This module allows you to analyze existing cross correlation between VMware and Salesforce. You can compare the effects of market volatilities on VMware and Salesforce and check how they will diversify away market risk if combined in the same portfolio for a given time horizon. You can also utilize pair trading strategies of matching a long position in VMware with a short position of Salesforce. See also your portfolio center. Please also check ongoing floating volatility patterns of VMware and Salesforce.
Considering 30-days investment horizon, VMware is expected to generate 1.21 times more return on investment than Salesforce. However, VMware is 1.21 times more volatile than Salesforce. It trades about 0.07 of its potential returns per unit of risk. Salesforce is currently generating about 0.04 per unit of risk. If you would invest 12,642 in VMware on March 25, 2018 and sell it today you would earn a total of 688.00 from holding VMware or generate 5.44% return on investment over 30 days.

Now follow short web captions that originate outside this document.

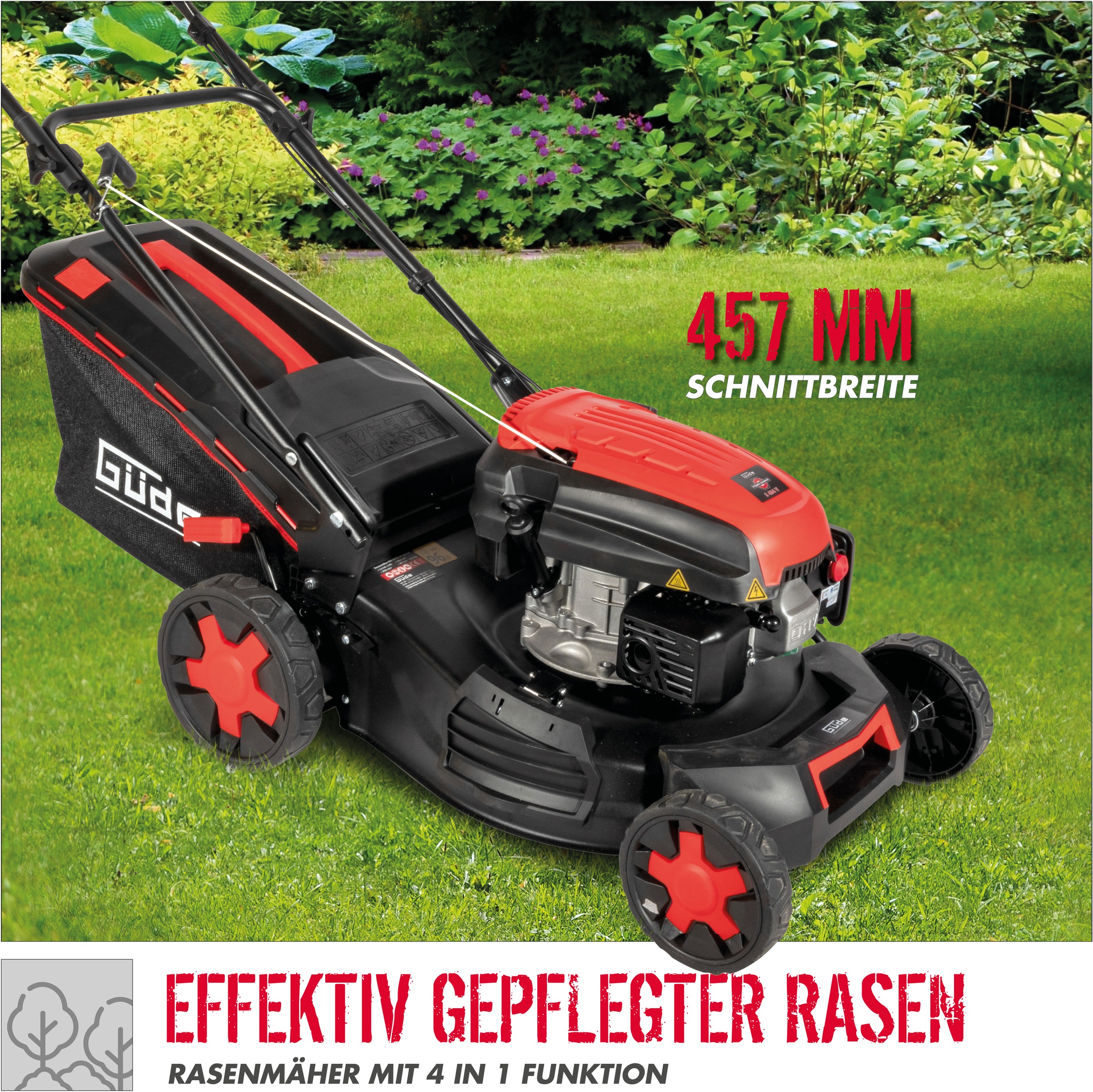 Güde Benzinrasenmäher »BIG WHEELER 464.3 R«, für größere Rasenflächen bis 1.400m²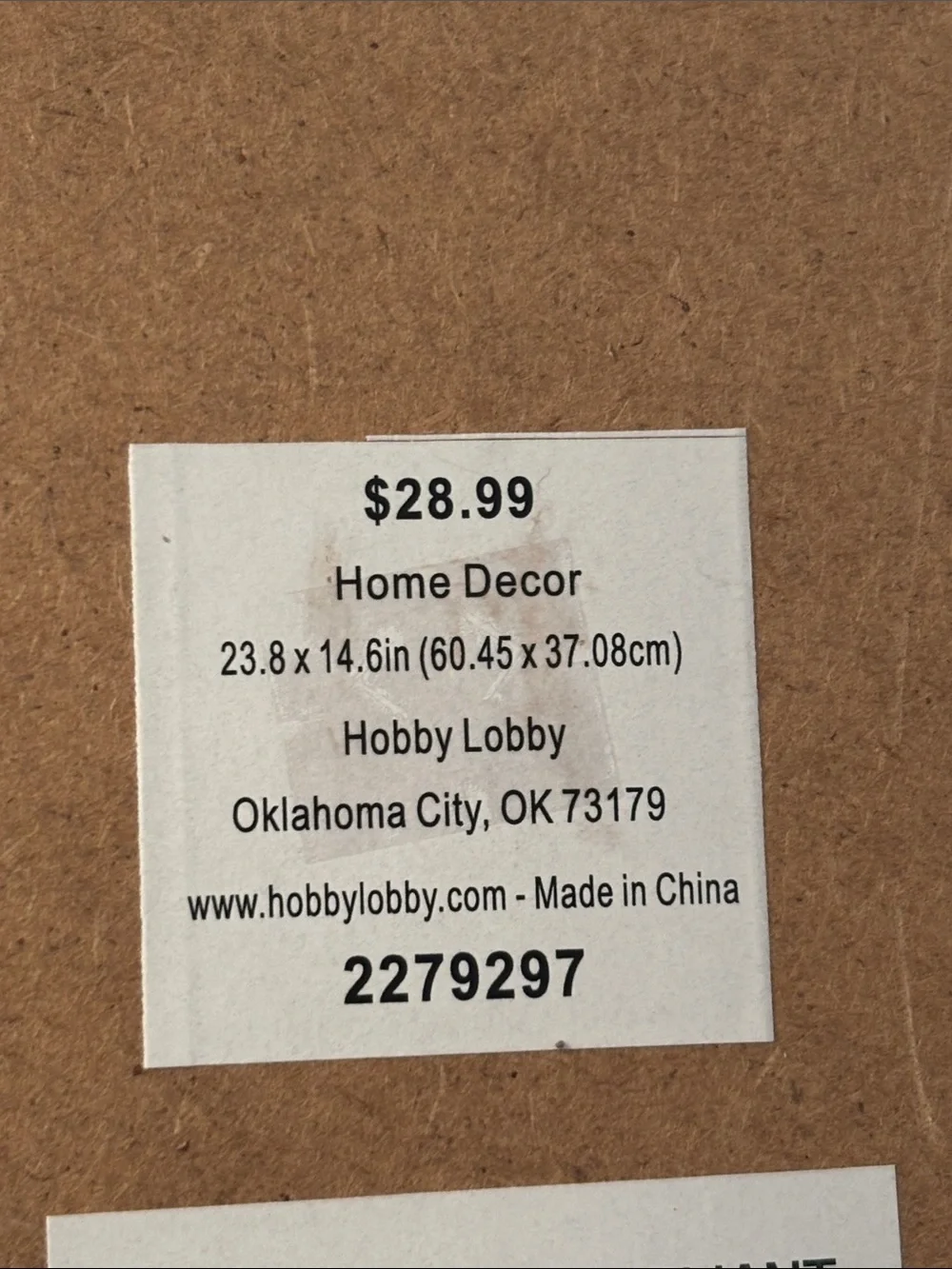 Hobby Lobby decorative wooden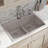 Quartz Classic 33" x 22" x 10" Double Basin Drop-In Kitchen Sink-17883125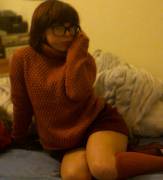 Scooby Doo's Velma Cosplayer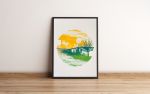 Vacant Marfa *unframed | Prints by Scorparium by Victrola Studio. Item composed of paper in mid century modern or contemporary style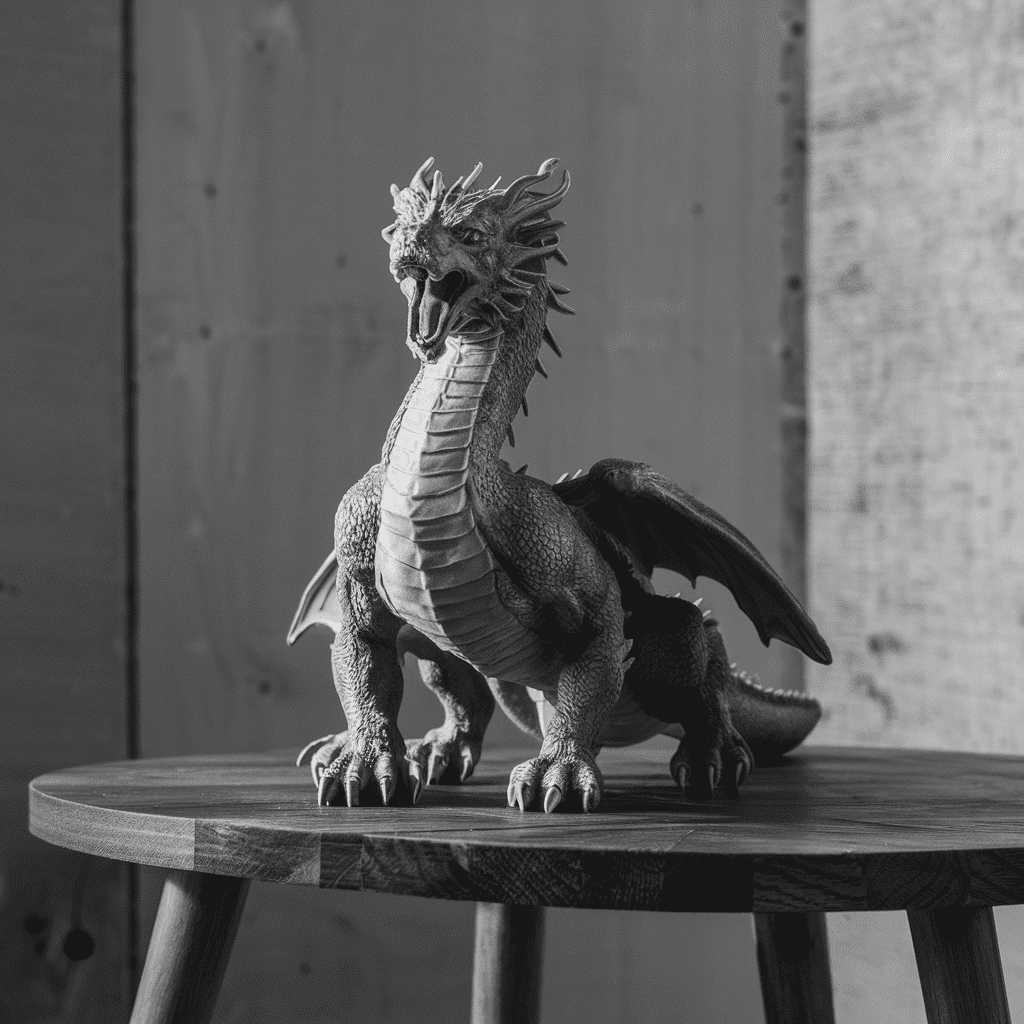 Dragon résine grise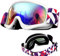 Tyuodna skibrille kinder, Anti-Fog Skibrille sonnenbrille kinder,UV-Schutz ski Goggle,Skibrille für Brillenträger,Schutz Winddicht Snowboadbrille,Skibrillen (Weiß)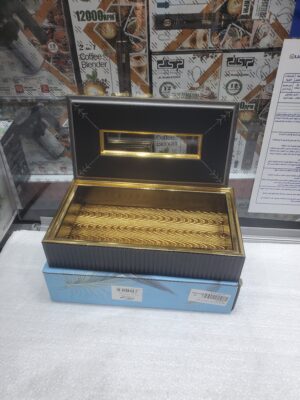 علب فاين خشبي مربع فاخر ملون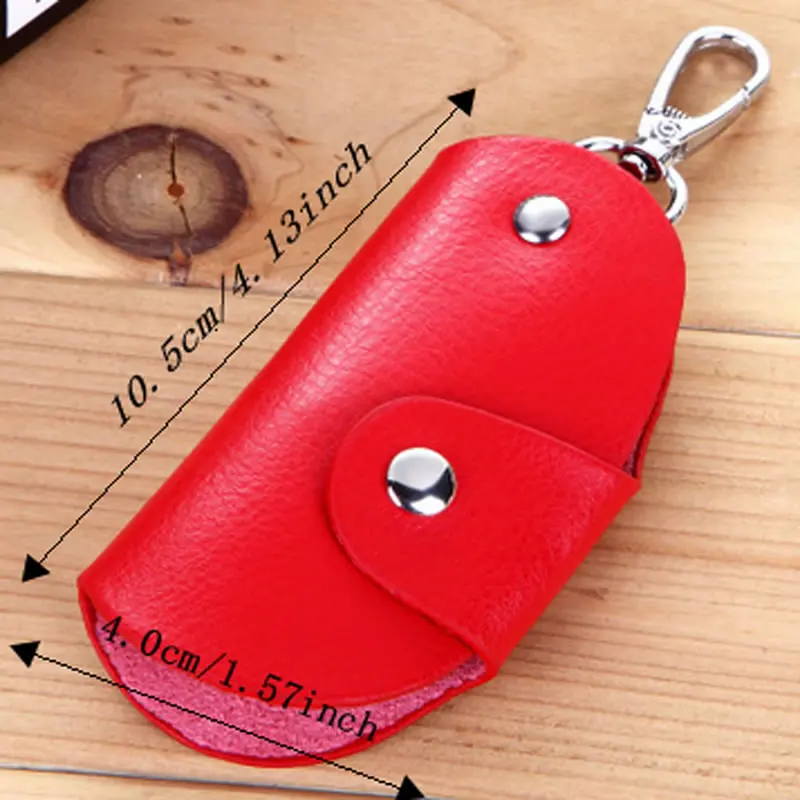 Новое поступление 1 шт. модный кожаный аксессуар для ключей мужчин и женщин сумка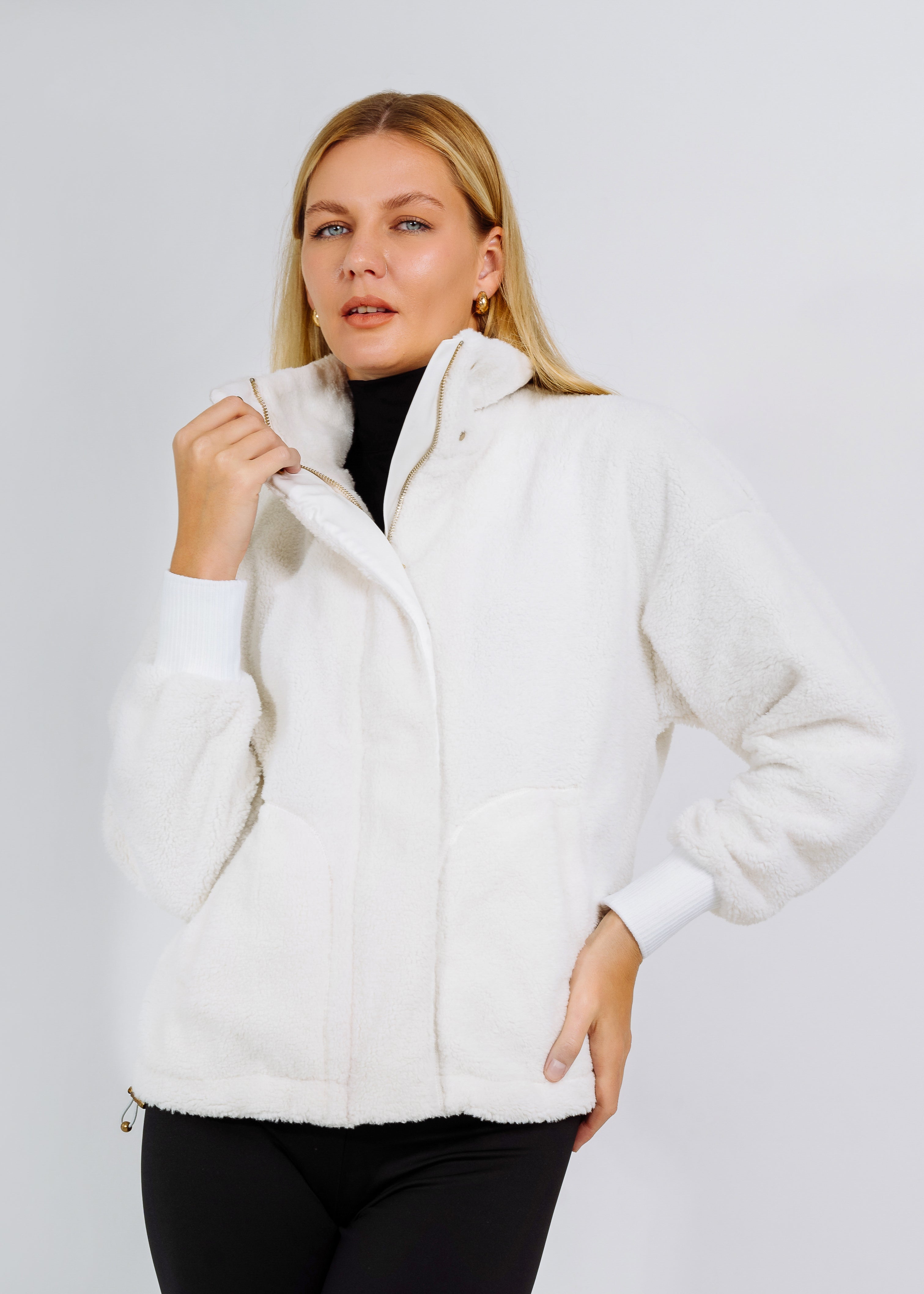 ASPEN FLEECE EDIT TWO WHITE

Overlapping area represents the amount of risk that can be diversified away by holding VMware Inc and Salesforce com inc in the same portfolio assuming nothing else is changed. The correlation between historical prices or returns on Salesforce and VMware is a relative statistical measure of the degree to which these equity instruments tend to move together. The correlation coefficient measures the extent to which returns on VMware are associated (or correlated) with Salesforce. Values of the correlation coefficient range from -1 to +1, where. The correlation of zero (0) is possible when the price movement of Salesforce has no effect on the direction of VMware i.e. VMware and Salesforce go up and down completely randomly.